05). Is it Possible to Delete and Update in the Hive Table? Have You ever used it in Your Project?

A). No

06). The default join used in Spark?

A). Inner join is the default join

07). What is a Broadcast Variable?

A). A broadcast variable is a programming mechanism that allows a read-only variable to be cached on each machine instead of being sent with tasks

08). What is checkpoint?

A). Checkpointing is a technique. It saves the process state at regular intervals so that it can be restarted from that point if it fails.

09). How to change column type in RDD, DF & Spark SQL?

A).

RDD

rdd_int = rdd.map(lambda x: int(x))

DF

df = df.withColumn("age", col("age").cast("int"))

Spark SQL

result_df = spark.sql("SELECT name, CAST(age AS INT) AS age FROM people")

10). Have you handled date functions in Spark, and how do you extract the Year from the given date?

A). df_with_year = df.withColumn(“year”, year(df[“date”]))

11). The difference between select, selectexpr and withColumn in Spark DF?

A).
select ==> We can select the columns we want
selectExpr ==> We can select column, and rename with new columns, by using “as” and col *2 etc.
withColumn ==> We can create a new column

12). How do you print the schema, number of columns, column name, and datatype?

A).
schema ==> df.printSchema()

columns ==>
num_columns = len(df.columns)
print(num_columns)

column name ==>

column_names = df.columns
print(column_names)

Datatypes ==>
data_types = df.dtypes
print(data_types)

13). From a dataframe and a tempview? Why do I have to do this?

df.createOrReplaceTempView("people")
result_df = spark.sql("SELECT name, age FROM people WHERE age > 28"

We can create SQL-type queries on TempView.

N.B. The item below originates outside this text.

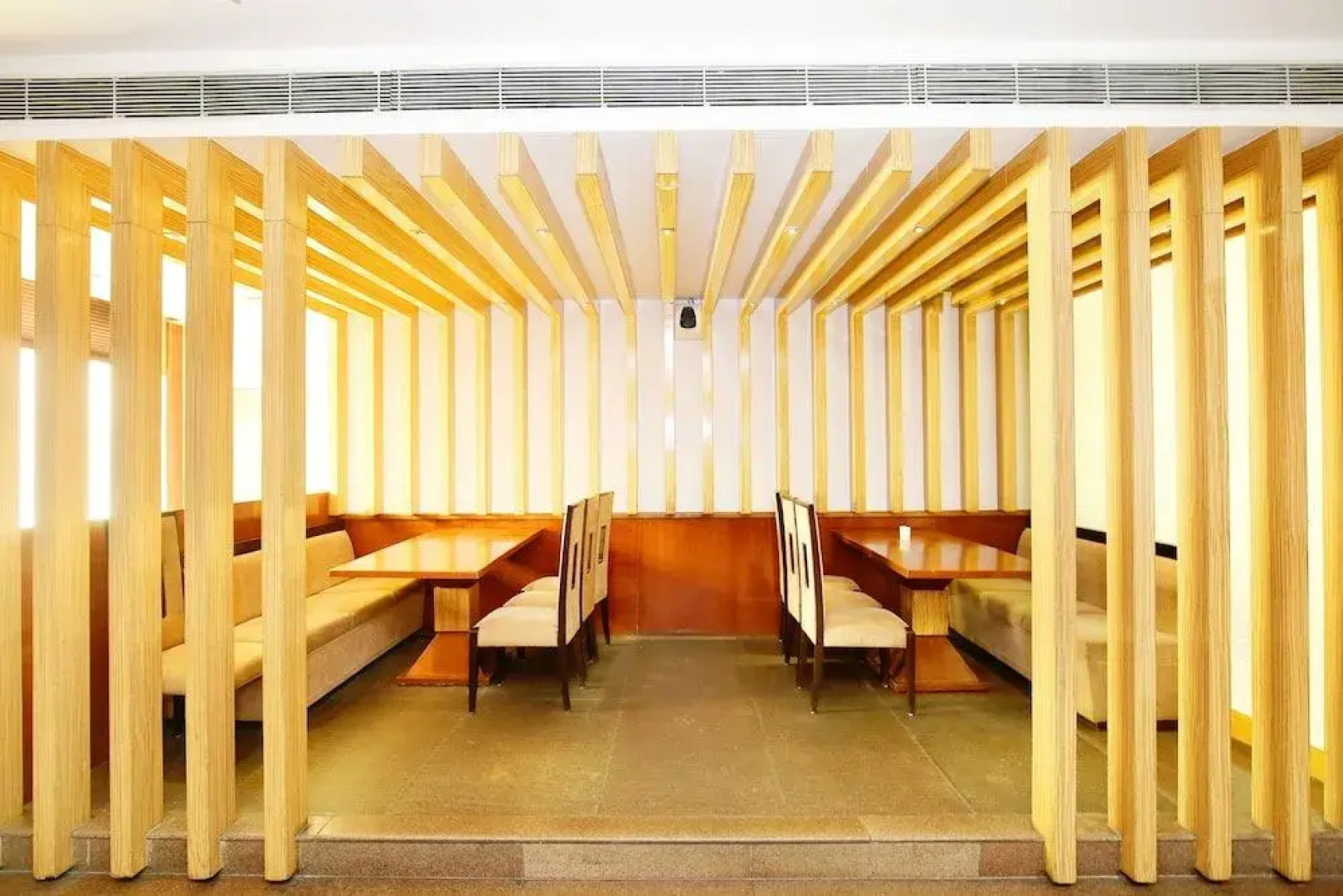 Capital O 4004 I-Square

14). How do you define SparkContext?

A).
from pyspark import SparkContext
sc = SparkContext.getOrCreate()

15). What’s the diff. b/w reduceByKey() & groupByKey()?

A).
reduceByKey() ==> reduces the data on the same data to a single value. [(“a”,4), (“b”, 5)]
groupByKey() ==> reduces the data on the same key to a group of elements (e.g list): [(“a”,[1,3]), (“b”, [3,2])]

#reduceByKey()
rdd = sc.parallelize([("a", 1), ("b", 2), ("a", 3), ("b", 3)])
result = rdd.reduceByKey(lambda x, y: x + y).collect()
print(result)
# Output: [("a", 4), ("b", 5)]

#groupByKey()
rdd = sc.parallelize([("a", 1), ("b", 2), ("a", 3), ("b", 3)])
result = rdd.groupByKey().mapValues(list).collect()
print(result)
# Output: [("a", [1, 3]), ("b", [2, 3])]

16). How can you define SparkConf?

from pyspark import SparkConf, SparkContext
conf = SparkConf() \
  .setAppName("My Spark Application") \
   .setMaster("local[*]")

17). How would you control the number of partitions in DF?

A).
While reading the data, on the dataframe you can set your choice of partitions.
df_repartitioned = df.repartition(10)

18). How can you create an RDD for a text file?

A).
rdd=sc.textFile(“path to text file”)

19). How will you submit a spark job?

A).
spark-submit \
--master local[*] \
/mypython.py